Cgil. Tagli alla sanità per 1.500 mln da manovre ultimi due anni

Cgil. Tagli alla sanità per 1.500 mln da manovre ultimi due anni
A questi si aggiungono una riduzione del 50%  sia del personale “precario”, che delle spese per la formazione del personale, nonché un taglio riguardante i vari Fondi nazionali relativi al “Sociale” pari a 852,35 milioni di euro. Se si aggiunge a questo anche la riduzione dei trasferimenti agli enti locali imposta con il Patto di stabilità, si profila per la Cgil un’incapacità di assicurare il finanziamento integrale per garantire i Lea, ed un ostacolo per la ripresa e l’uscita dalla crisi.

La Cgil ha prospettato in un suo studio gli effetti delle manovre economico finanziarie 2010/2011 a danno della sanità. In particolare i riferimenti sono: la Legge n. 122 del 30 luglio 2010 (conversione D.L. n. 78/2010 c.d. “manovra d’estate anticrisi”), la Legge n. 220 del 23 dicembre 2010 (Legge di stabilità 2011 – ex Legge Finanziaria), e la Legge n. 10 del 26 febbraio 2011 (conversione D.L. n. 225/2010 c.d. “Mille  proroghe” 2011).

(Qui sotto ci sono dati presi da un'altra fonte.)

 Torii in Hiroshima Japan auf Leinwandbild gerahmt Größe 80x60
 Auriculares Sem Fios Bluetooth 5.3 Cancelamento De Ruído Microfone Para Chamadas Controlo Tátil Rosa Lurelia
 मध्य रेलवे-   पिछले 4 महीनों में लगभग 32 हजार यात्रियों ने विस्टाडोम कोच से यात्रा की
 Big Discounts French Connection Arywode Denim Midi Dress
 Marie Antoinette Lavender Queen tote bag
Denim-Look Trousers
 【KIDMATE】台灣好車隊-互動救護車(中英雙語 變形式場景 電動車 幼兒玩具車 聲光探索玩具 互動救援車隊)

I tagli previsti per il 2011 ammonterebbero a 1.504,5 milioni. Infatti, a quelli stabiliti dalla manovra d’estate (L. 122/2010), pari a 1.018 milioni, si aggiunge il mancato finanziamento di 486,5 milioni (ne vengono stanziati 347,5 per i primi cinque mesi del 2011 su 834 milioni previsti per l’intero anno). Così, tra l’altro, si palesa il rischio di un ritorno ai “super ticket” da 10 euro.

Per quanto riguarda i Piani di rientro, è previsto lo sblocco di ulteriori risorse per le Regioni che rispetteranno gli obiettivi prefissati. Risorse che verranno altrimenti “congelate” in caso di inadempienze. Si è stabilita anche una parziale attenuazione dei vincoli, come ad esempio la possibilità di utilizzare risorse anche dal bilancio regionale, lo sblocco del turn over per garantire i Lea, e l’impedimento di azioni esecutive nei confronti delle Asl e AO debitrici.

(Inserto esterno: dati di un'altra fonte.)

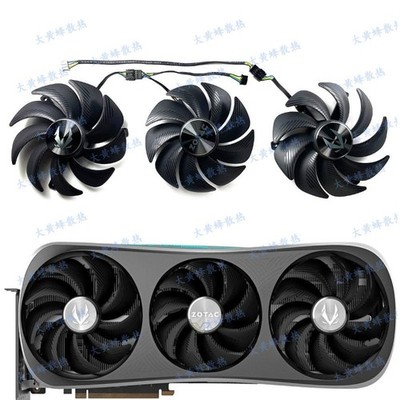 For ZOTAC RTX4080 4090 4090D TRINITY Graphics Card Cooling Fan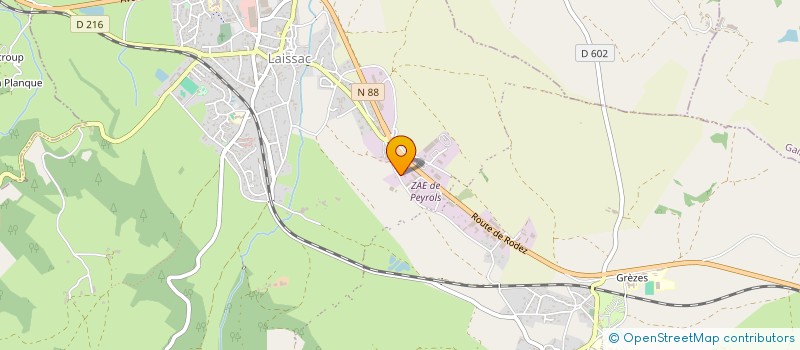 localisation de l'entreprise LES COUVREURS DU CAUSSE à LAISSAC-SEVERAC L'EGLISE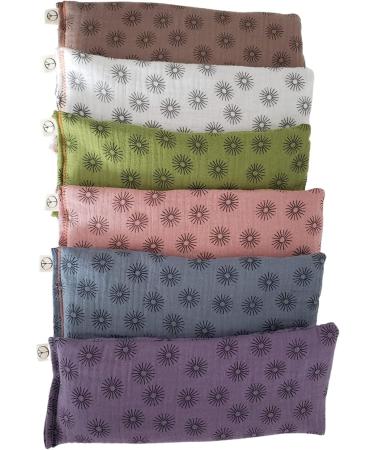 Peacegoods Unscented Flax Seed Eye Pillow Soothing Gauze Cotton for Yoga, Meditation & Headache Relief Stars Blue - Buy Online on GoSupps.com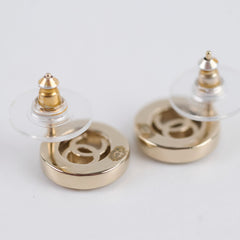 Chanel Round CC Crystal Earrings Costume Jewellery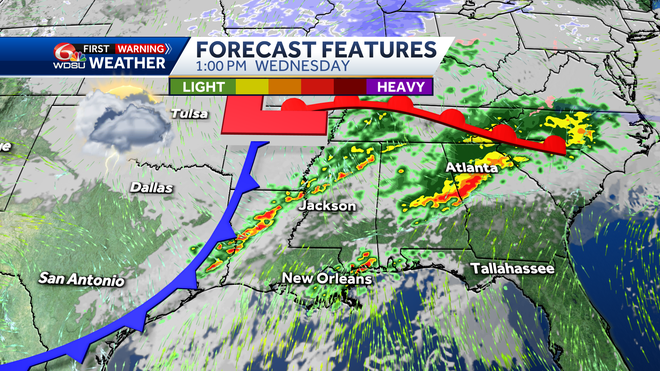 New Orleans weather forecast when will it rain chance of tornado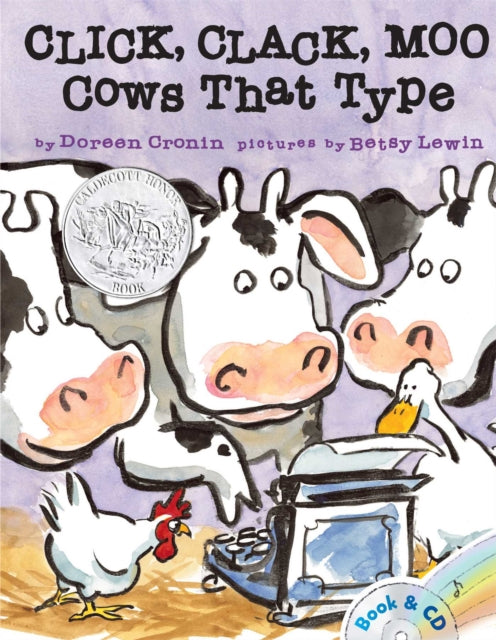 Click, Clack, Moo: Cows That Type/ Book and CD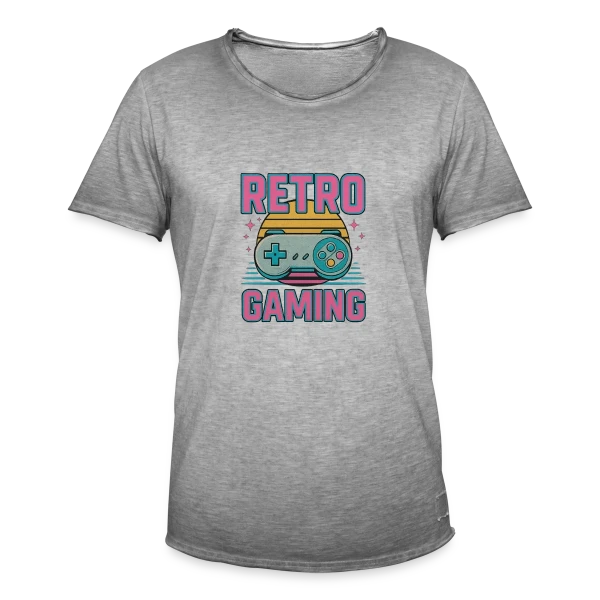 Manette Rétro Gaming Années 90 sur T-shirt vintage Homme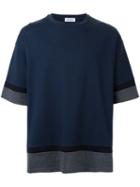 En Route - Layered Hem T-shirt - Men - Cotton - 2, Blue, Cotton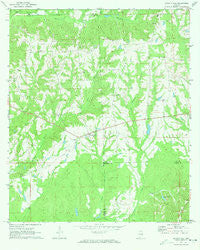 Society Hill Alabama Historical topographic map, 1:24000 scale, 7.5 X 7.5 Minute, Year 1971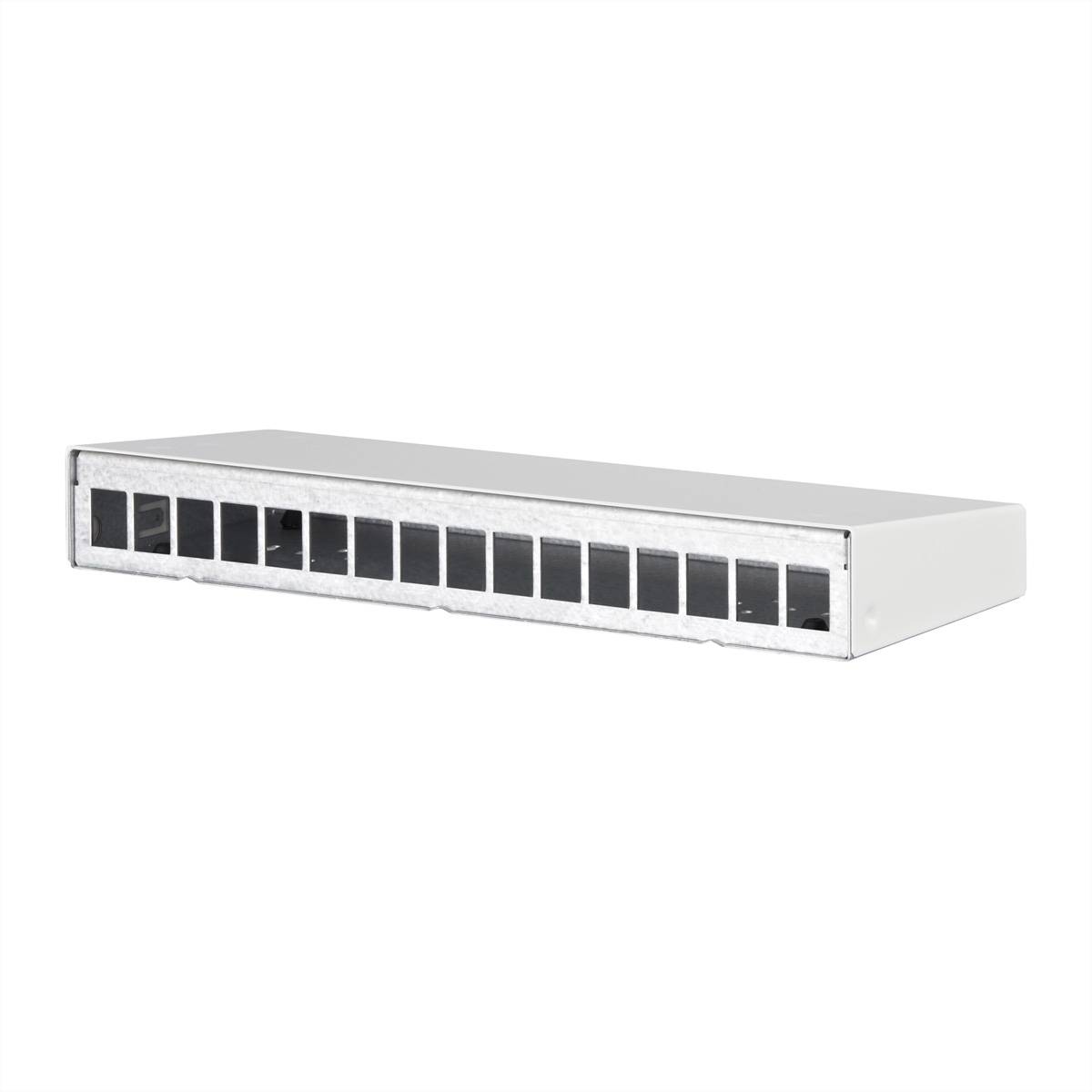 Metz Connect Keystone AP-Gehäuse 16 Port reinweiß RAL9010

Viene prevista inoltre una riduzione del 50% sia del personale “precari”, sia delle spese relative alla formazione del personale.

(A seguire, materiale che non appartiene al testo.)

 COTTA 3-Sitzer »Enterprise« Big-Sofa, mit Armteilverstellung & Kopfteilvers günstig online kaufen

Da aggiungere, infine, i tagli ai vari Fondi nazionali relativi al “Sociale” pari a 852,35 milioni di euro. Nel dettaglio si fanno registrare una riduzione di 126,125 milioni di euro per il Fondo nazionale per le Politiche Sociali; l’azzeramento del Fondo per la non autosufficienza; una diminuzione degli stanziamenti di 133,825 milioni di euro al Fondo nazionale per le Politiche della famiglia;  una riduzione di 81,3 milioni di euro per il Fondo nazionale per le Politiche giovanili; 800 mila euro in meno da destinare al Fondo nazionale per l’infanzia e l’adolescenza e, in conclusione, una riduzione di 110,3 milioni di euro per il Fondo nazionale per l’accesso alle abitazioni in locazione.